此外，本文还讨论了分组量化策略对避免码本的模式塌陷中发挥的作用。本文的工作是之后的wav2vec2的基础。

3. wav2vec2.0²

We show for the first time that learning powerful representations from speech audio alone followed by fine-tuning on transcribed speech can outperform the best semi-supervised methods while being conceptually simpler.

本文第一次展示了从语音信号中学习强大的表征，并在转录的语音上微调，可以取得超过最好的半监督方法的结果，并且在概念上更简单。

3.1 动机

1. 神经网络受益于大量标记的训练数据。然而，在许多情况下，有标记数据比未标记数据更难获得；
2. 单纯从有标记数据中进行学习的范式与人类的学习语言的方式不同：婴儿通过聆听周围成年人的说话来无监督的学习语言——这个过程婴儿可以学到良好的言语表征；
3. 自监督方法在NLP和自然语言处理领域已经得到了相当广泛的应用，证明了其有效性；

3.2 方法

• 编码器：七层CNN；

• 上下文网络：transformer网络+CNN的相对位置编码。其中Base模型有12层，Large模型有24层。
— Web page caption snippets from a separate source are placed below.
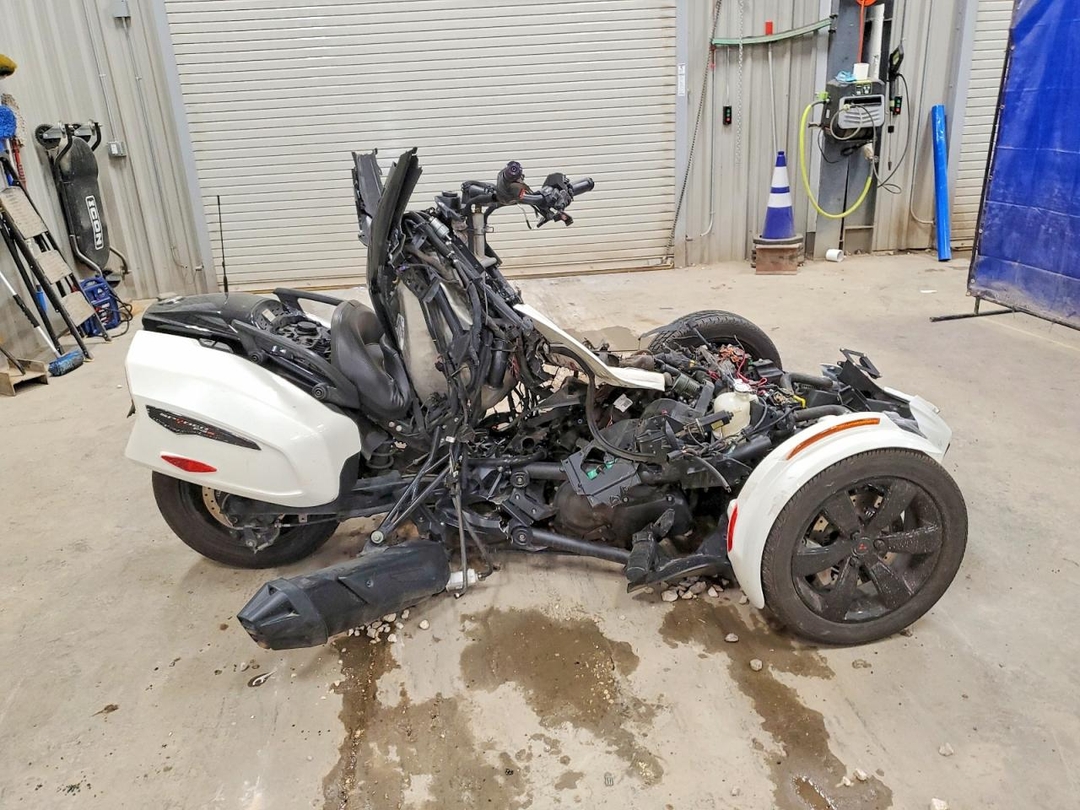 منظر 2021 CAN-AM SPYDER ROADSTER F3-T، زاوية 1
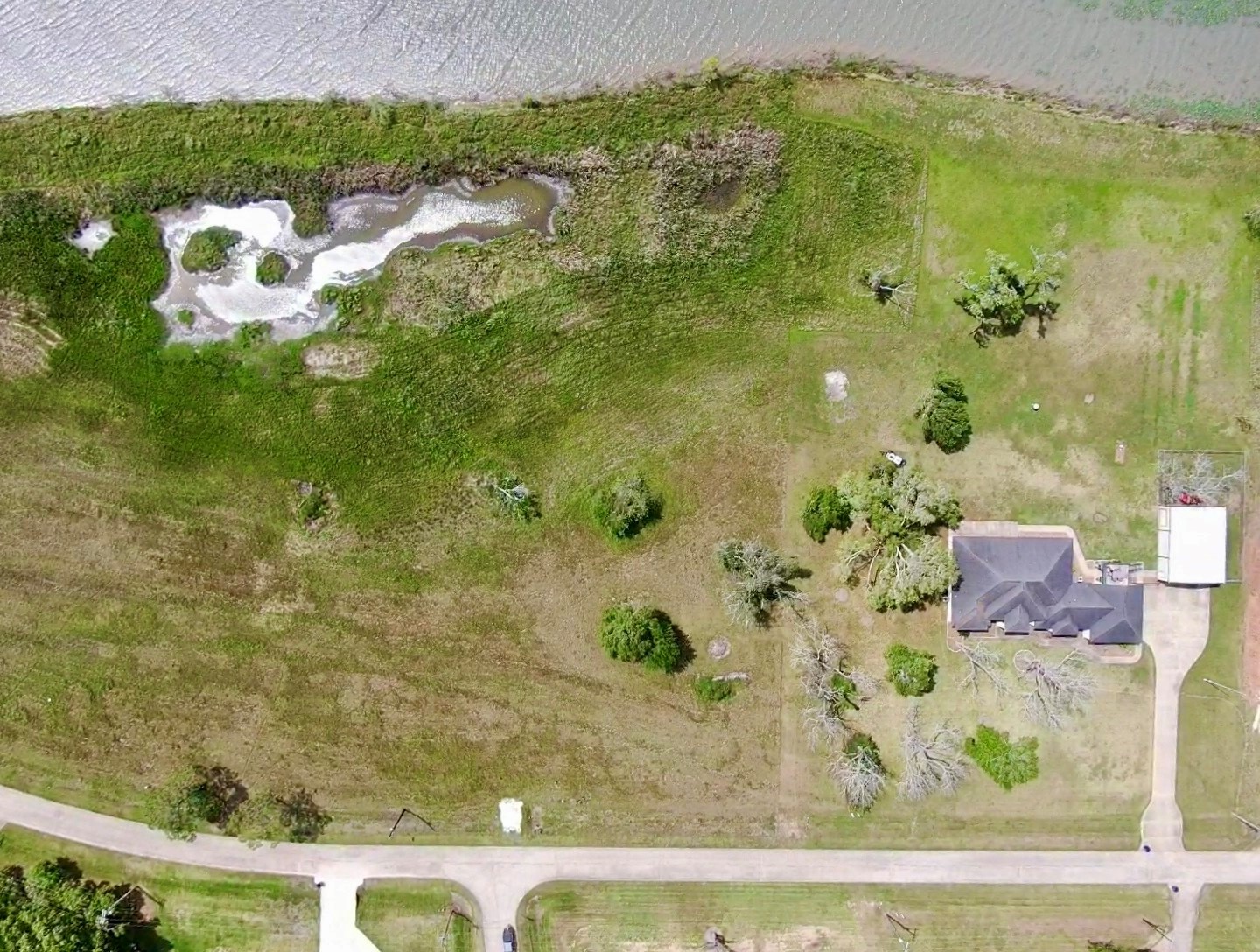 819 Bar X Trail Angleton, TX 77515 - Photo 6 of 11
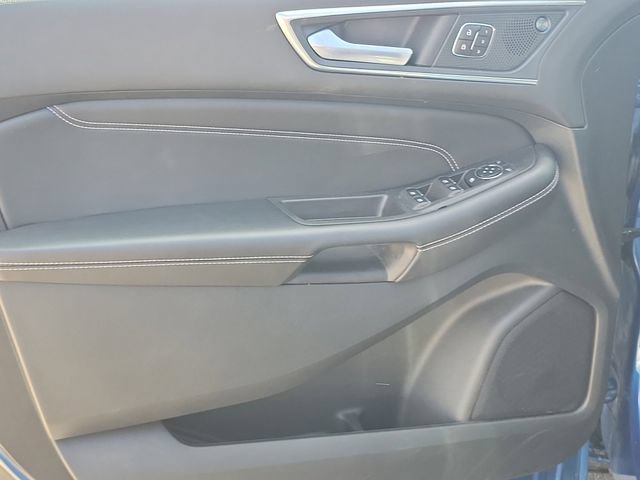 Certified 2024 Ford Edge Titanium AWD/4WD image 24
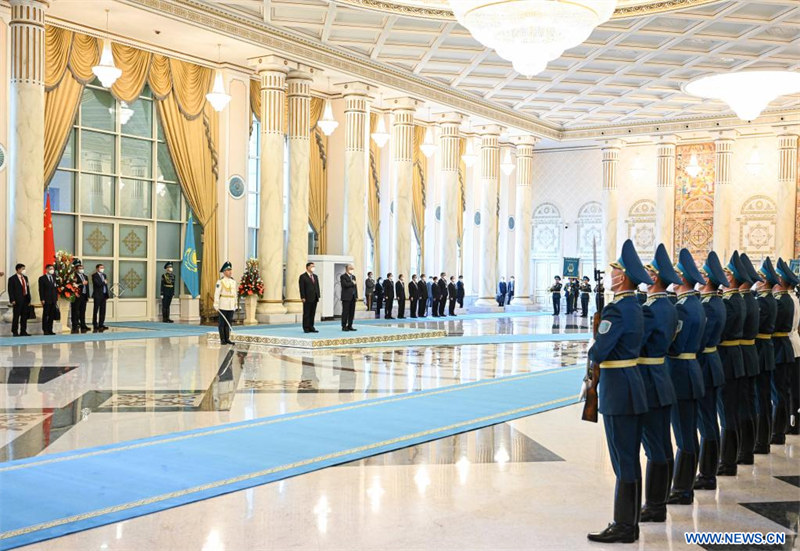 Le président chinois effectue une visite d'Etat au Kazakhstan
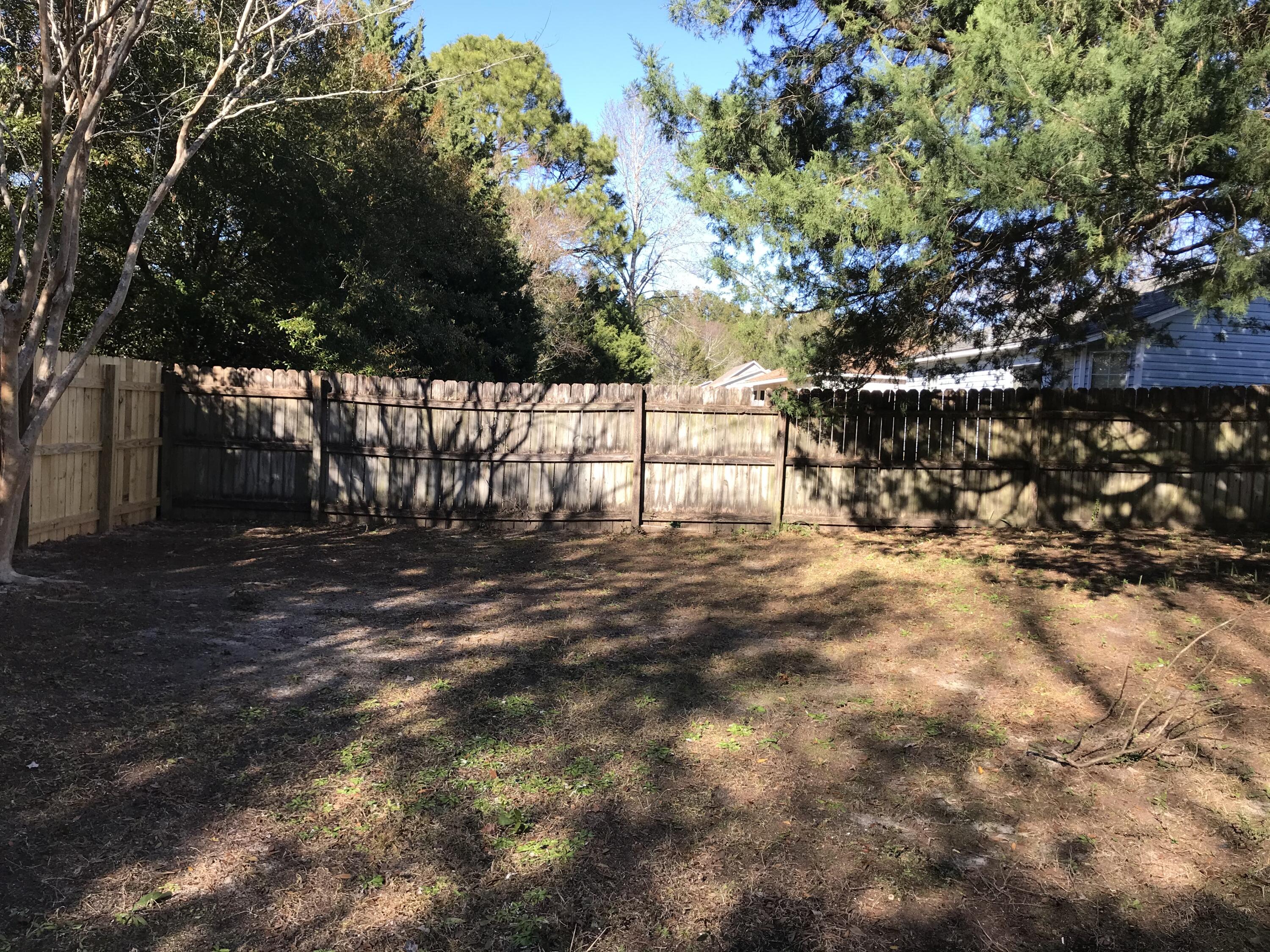 SHOAL TERRACE ESTATES - Residential Lease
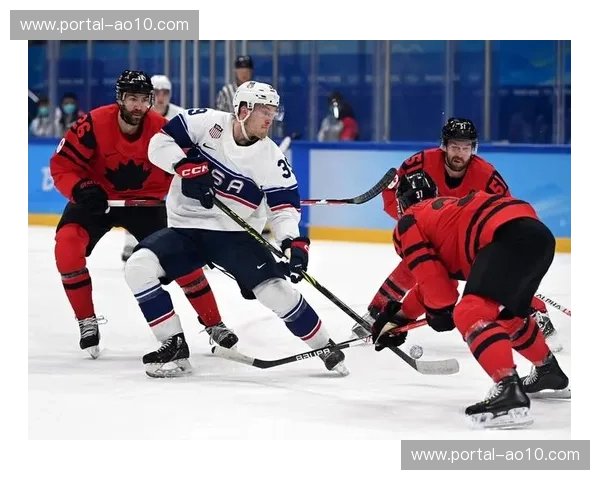 加拿大男子冰球险胜美国队 提前锁定小组头名出线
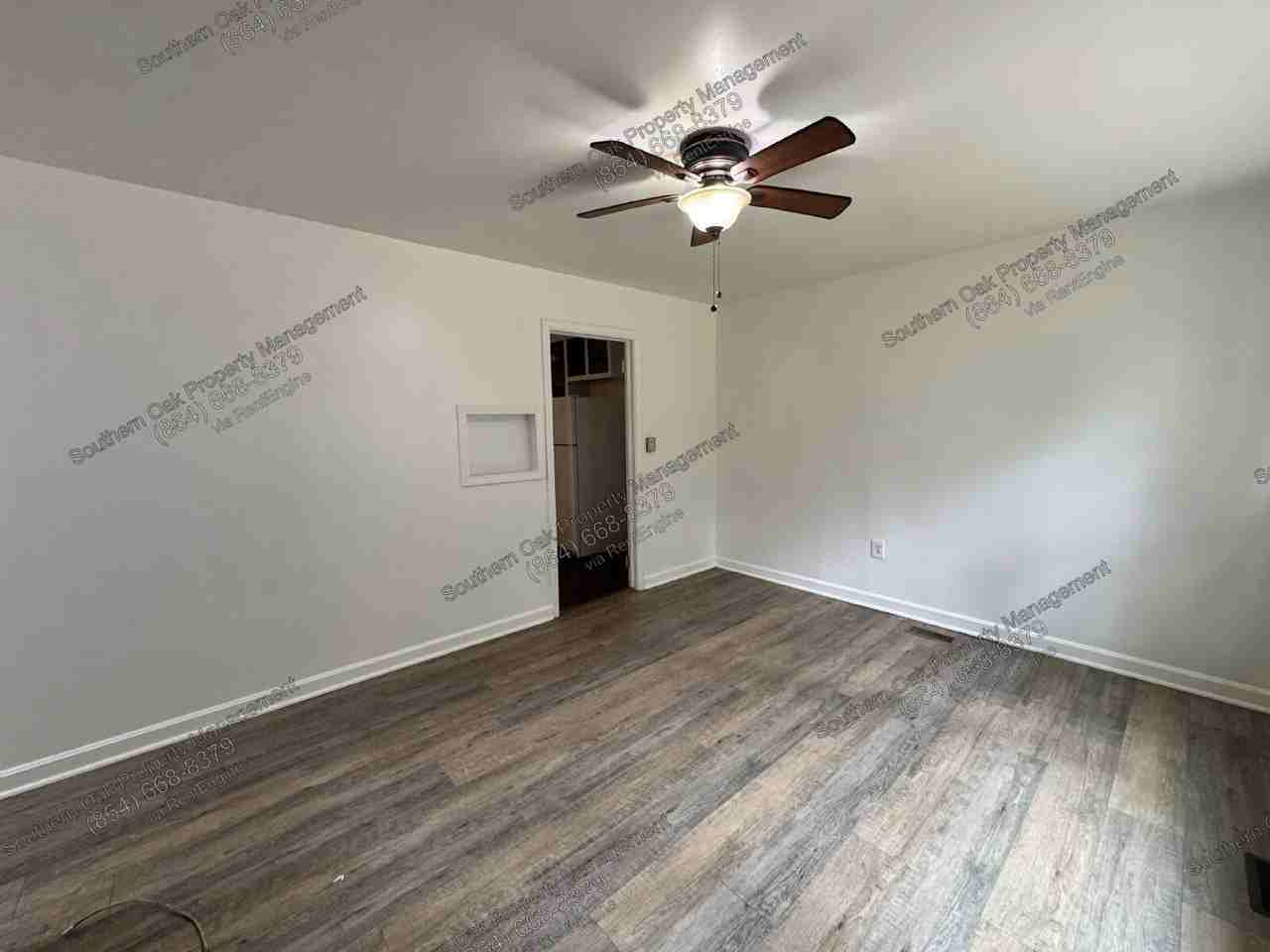 804 E Grady St - Photo 3 of 25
• 量化模块：For self-supervised training we discretize the output of the feature encoder z to a finite set of speech representations via product quantization

  • 乘积量化：Product quantization amounts to choosing quantized representations from multiple codebooks and concatenating them. Given G codebooks, or groups, with V entries $e\in R^{V\times d/G}$ we choose one entry from each codebook and concatenate the resulting vectors $e_1,…,e_G$ and apply a linear transformation $R^d \rightarrow R^f$ to obtain $q \in R^f$ .

  Gumbel softmax 是重参数化的一种技巧，能够按照特定概率进行采样，并且保证计算题可导的特性。参考：Gumbel Softmax 是什么? - 知乎

• 预训练：

• • 掩码: To pre-train the model we mask a certain proportion of time steps in the latent feature encoder space， similar to masked language modeling in BERT：We mask a proportion of the feature encoder outputs, or time steps before feeding them to the context network and replace them with a trained feature vector shared between all masked time steps

  • 损失函数：

    \[\mathcal{L}=\mathcal{L}_m + \mathcal{L}_d\]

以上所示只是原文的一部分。